### The task
With the pictures left out, restate exactly the part below that opens with the line containing "Here, we have" and closes with the line containing "Question 282: Fuel".

### Provided entries
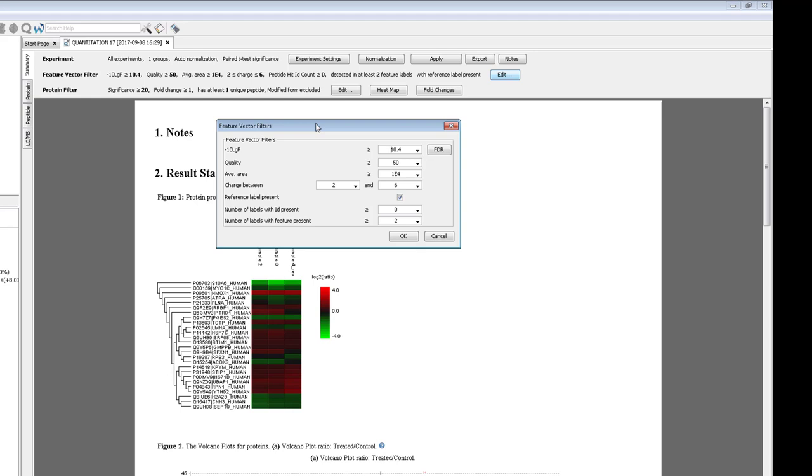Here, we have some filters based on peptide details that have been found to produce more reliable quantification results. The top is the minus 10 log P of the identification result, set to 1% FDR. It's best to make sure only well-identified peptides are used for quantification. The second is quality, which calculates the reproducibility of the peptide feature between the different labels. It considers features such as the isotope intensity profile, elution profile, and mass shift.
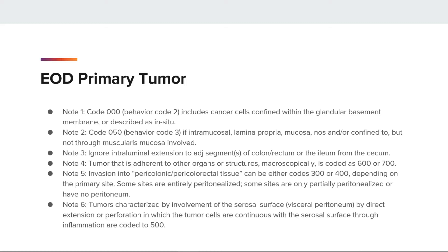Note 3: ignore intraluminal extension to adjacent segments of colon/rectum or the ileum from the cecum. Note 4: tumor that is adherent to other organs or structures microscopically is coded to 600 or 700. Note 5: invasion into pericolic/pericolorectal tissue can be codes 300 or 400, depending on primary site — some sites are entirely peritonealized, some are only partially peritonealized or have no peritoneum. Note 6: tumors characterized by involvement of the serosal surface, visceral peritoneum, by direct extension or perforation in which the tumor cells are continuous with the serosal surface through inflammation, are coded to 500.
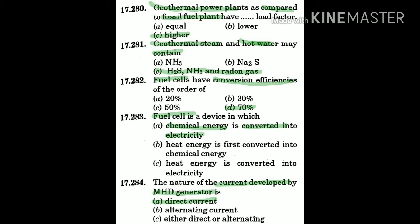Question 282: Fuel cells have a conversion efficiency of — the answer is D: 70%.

--

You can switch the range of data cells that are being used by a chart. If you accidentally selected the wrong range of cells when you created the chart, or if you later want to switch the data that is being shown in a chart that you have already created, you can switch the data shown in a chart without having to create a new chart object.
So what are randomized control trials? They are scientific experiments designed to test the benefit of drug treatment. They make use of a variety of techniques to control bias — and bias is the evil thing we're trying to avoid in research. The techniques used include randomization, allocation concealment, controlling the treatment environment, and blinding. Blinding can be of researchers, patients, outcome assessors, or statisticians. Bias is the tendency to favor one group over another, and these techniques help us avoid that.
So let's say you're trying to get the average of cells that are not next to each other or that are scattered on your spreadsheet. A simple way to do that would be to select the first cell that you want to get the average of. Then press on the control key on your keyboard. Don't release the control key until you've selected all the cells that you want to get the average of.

### Response area
Here, we have some filters based on peptide details that have been found to produce more reliable quantification results. The top is the minus 10 log P of the identification result, set to 1% FDR. It's best to make sure only well-identified peptides are used for quantification. The second is quality, which calculates the reproducibility of the peptide feature between the different labels. It considers features such as the isotope intensity profile, elution profile, and mass shift.
Note 3: ignore intraluminal extension to adjacent segments of colon/rectum or the ileum from the cecum. Note 4: tumor that is adherent to other organs or structures microscopically is coded to 600 or 700. Note 5: invasion into pericolic/pericolorectal tissue can be codes 300 or 400, depending on primary site — some sites are entirely peritonealized, some are only partially peritonealized or have no peritoneum. Note 6: tumors characterized by involvement of the serosal surface, visceral peritoneum, by direct extension or perforation in which the tumor cells are continuous with the serosal surface through inflammation, are coded to 500.
Question 282: Fuel cells have a conversion efficiency of — the answer is D: 70%.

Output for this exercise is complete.